Tools for Writers

September 1, 2014 § Leave a comment

My Gonzo DaysI’m still working my way through the first rewrite, which is mostly cosmetic: correcting typos, fixing little things here and there, and only occasionally rewriting entire scenes. I haven’t begun the heavy lifting yet (I’m calling that the second rewrite), but I keep thinking about ways to change the structure, ideas for characters’ backgrounds, etc. Most days, I maintain a high level of enthusiasm and optimism for what this book can be. Most days.

The process of porting the book from Word to Scrivener wasn’t as painless as it probably could have been. Supposedly, Scrivener can import a Word doc and automatically split it into chapters and sections. In order for that feature to work, however, each section must be separated from its predecessor by a hash mark (i.e., #). I used three asterisks, so it didn’t work. I ended up copying and pasting a section at a time, but I’ll know better next time. (And yes, I could have done a search/replace, but I didn’t think of it at the time. D’oh!) « Read the rest of this entry »

The First Draft: The Ugly Duckling

August 12, 2014 § Leave a comment

Ugly02So I’ve read through the first draft. It stinks … but that’s what a first draft is supposed to do. Right?

Okay, so it stinks a little more than I expected it to. Okay, I didn’t expect it really to stink at all. But it does.

The good news is, my writing definitely improved over the course of the book.

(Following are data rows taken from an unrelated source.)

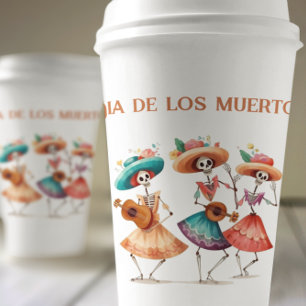 Dia de los Muertos dancing skeletons customisable Paper Cups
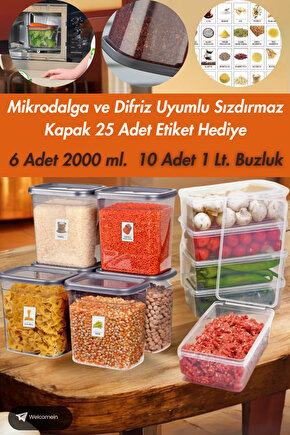 6lı Jumbo Boy 2000 ml. Saklama Kabı 10 Adet 1 Lt. Derin Dondurucuya Uygun Buzluk Saklama Kabı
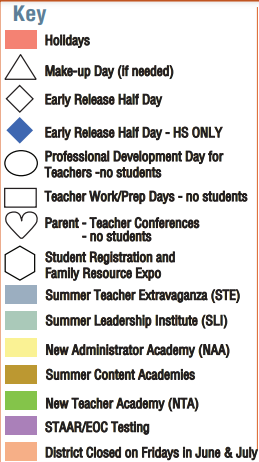 District School Academic Calendar Legend for Spring High School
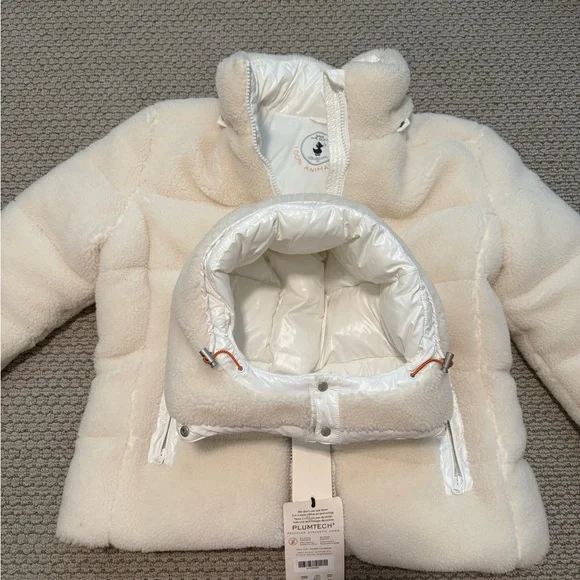 Save the Duck White Fleece Puffer Coat - Picture 8 of 13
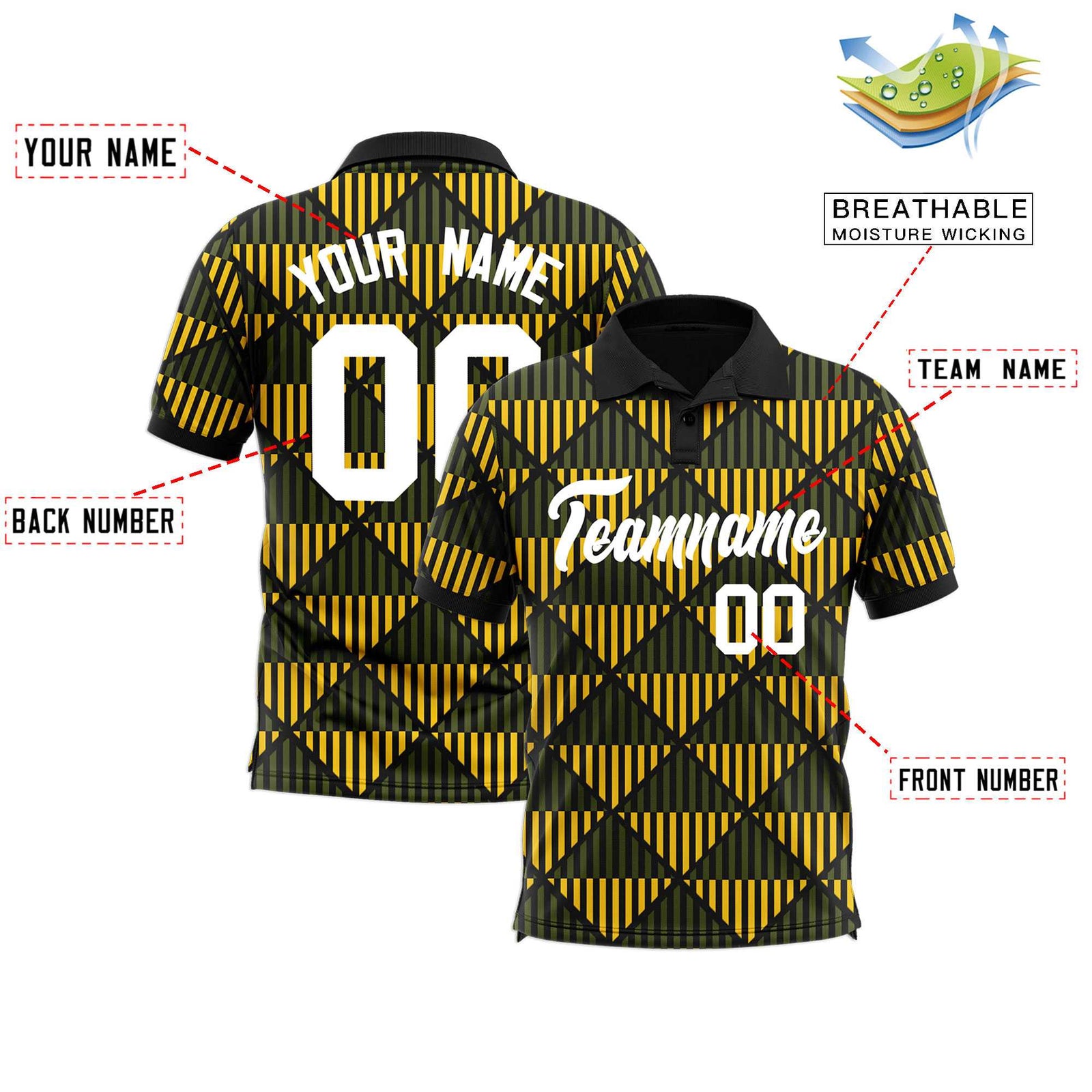 Custom Black Lingge Sunshine Polo Shirts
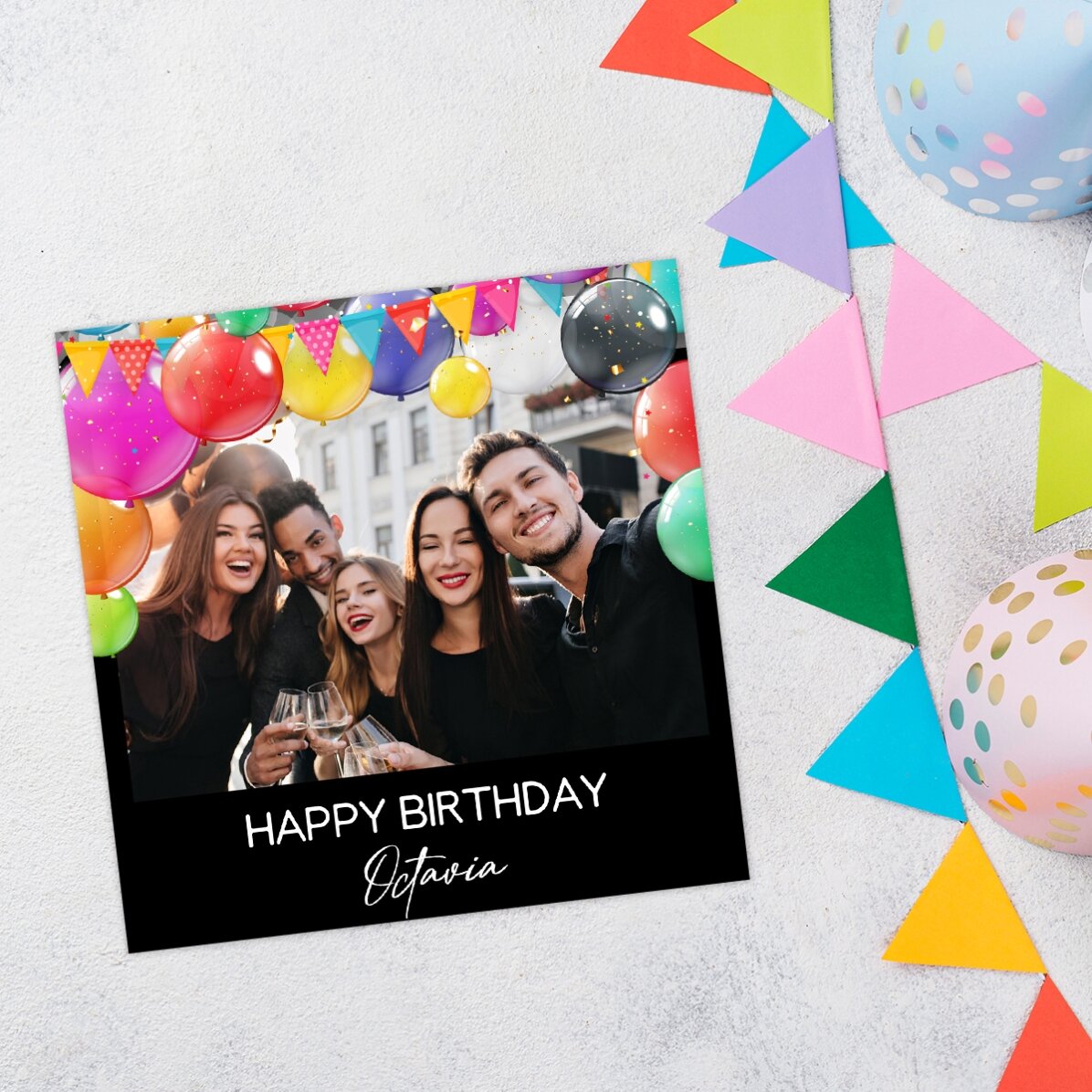 Individuell gestalteter Magnet (10 x 10) mit Foto und Text – Happy Birthday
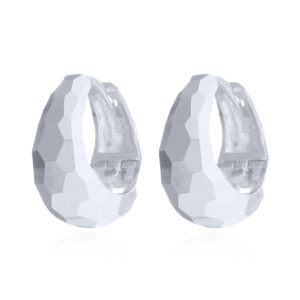 Silver Faceted Teardrop Hoop Earrings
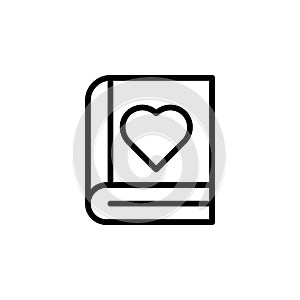 book, love icon. Simple thin line, outline  of Book icons for UI and UX, website or mobile application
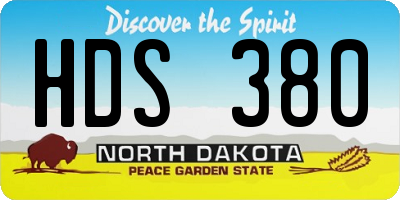 ND license plate HDS380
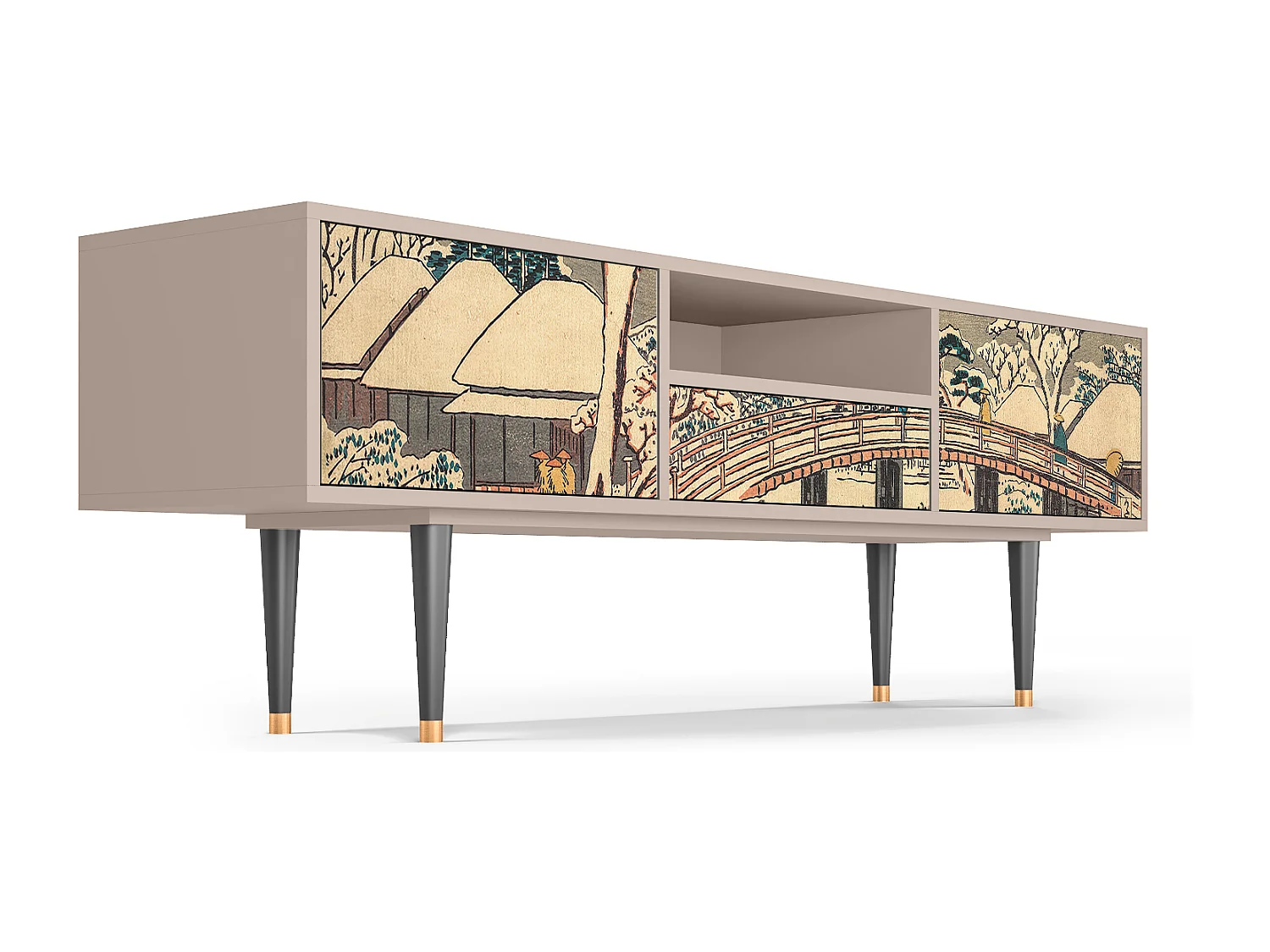 Mueble de TV - 170х59х41 cm - T6 - Katabira River, Latte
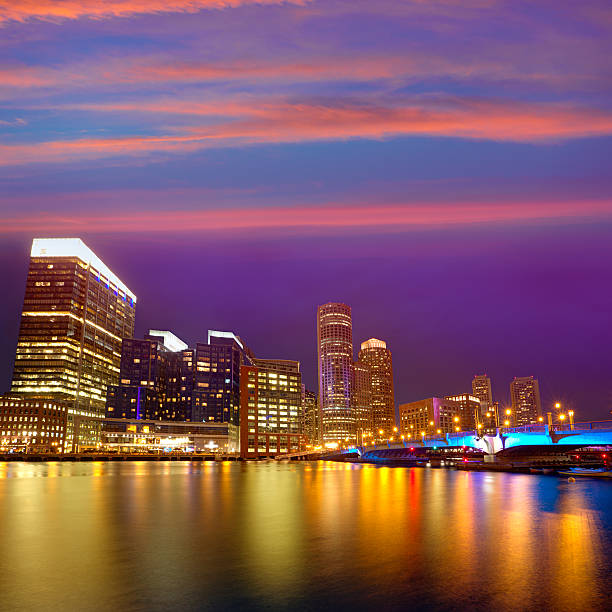 istock Boston sunset skyline at Fan Pier Massachusetts 497751290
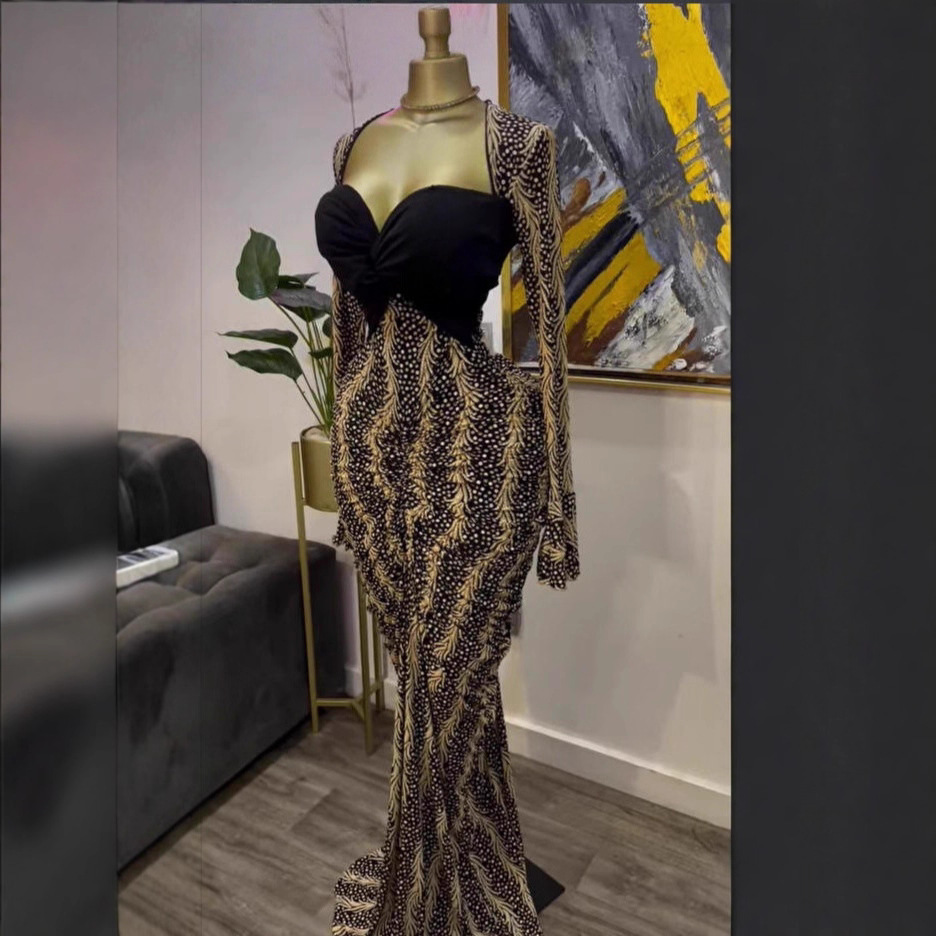 Spot 2025 European and American women's cross-border strapless long sleeved printed long skirt pleated fish tail party dress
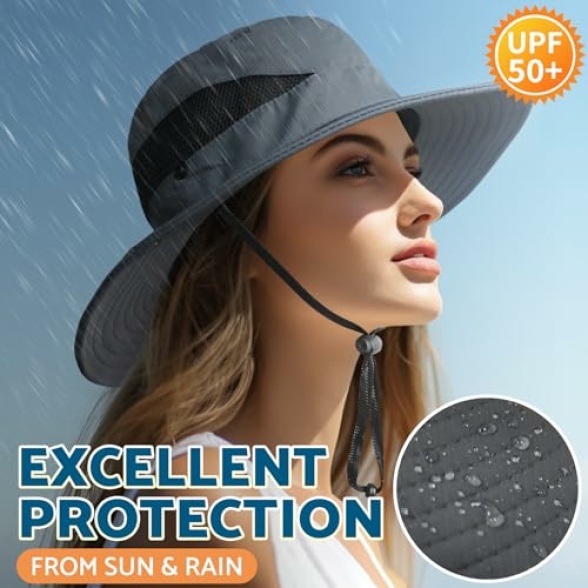 PFFY Sun Bucket Hats for Men Women 3” Wide Brim UPF 50+ Fishing & Beach Hat - Image 4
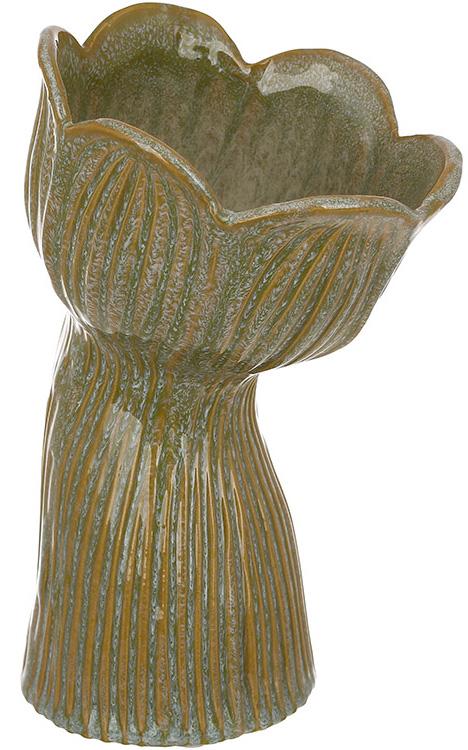 Ваза керамическая Tulip 22 см Зеленый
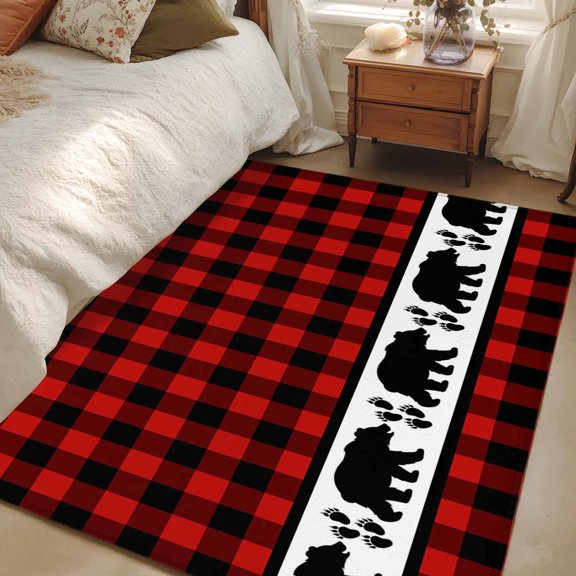 Area Rug 3x5ft Bear Footprints Red Buffalo Plaid Carpets Indoor Floor Area Mat Washable Entrance Mat Rugs for Living Room Dining Room Kitchen Bedroom, Forest Animals Sofa Throw Carpet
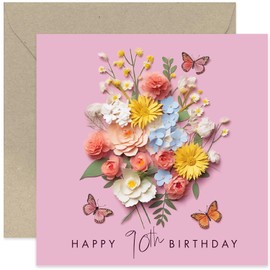 Old English Co. Special 90th Birthday Card for Her - Pink Flower Butterfly Artwork Birthday Card for Mum Aunt Sister Grandmother - Cute Female Birthday Card | Blank Inside Envelope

The better news is, it improved late in the book because I began incorporating changes and new points of view that I’d planned to go back and add to the beginning of the book. That gives me hope that the second draft will be much better.

The best news of all, though, is that I’ve had idea after idea come flooding in as I read the first draft. An epiphany for restructuring the book (goodbye, overcomplicated narrative structure!). Insights into my characters’ backgrounds and motivations. New plots twists and subplots.

Yes, it’s an ugly duckling right now, but I can see that it might be a swan with the right care and feeding.

The next step is to pull the first draft apart and reorganize it, then start rewriting. I’m currently learning to use Scrivener (I wrote the first draft in Word), and I think it will make the process easier. Here’s hoping, anyway!

6 Things I Learned While Writing the First Draft

July 16, 2014 § Leave a comment

writers tearsAccording to the date stamp on the first outline I created for my novel, I began writing it on December 13, 2012. I began writing the first draft the following February. And on July 6 (i.e., about a week and a half ago), I finished the first draft. It’s 78,403 words (according to Word) and 406 pages typed, double-spaced. I think that’s a pretty good length for a first draft; previous first drafts have weighed in around the 50,000-word mark, so this one feels beefy.

Anyway, if we take December 13, 2012 as the start date, that means I’ve been working on this for a year and a half. I didn’t think it would take that long, to be honest. At the beginning of last December, I thought I’d finish before the end of the year. At the beginning of February, I thought I’d finish it by the end of that month. And here we are. Best laid plans, and all that. I learned a few things along the way—some of it from others, some from the experience of doing it. I thought I’d share in case any of it helps you, but if I’m being honest, it’s really so I can come back and remind myself of all this before I begin my next book. « Read the rest of this entry »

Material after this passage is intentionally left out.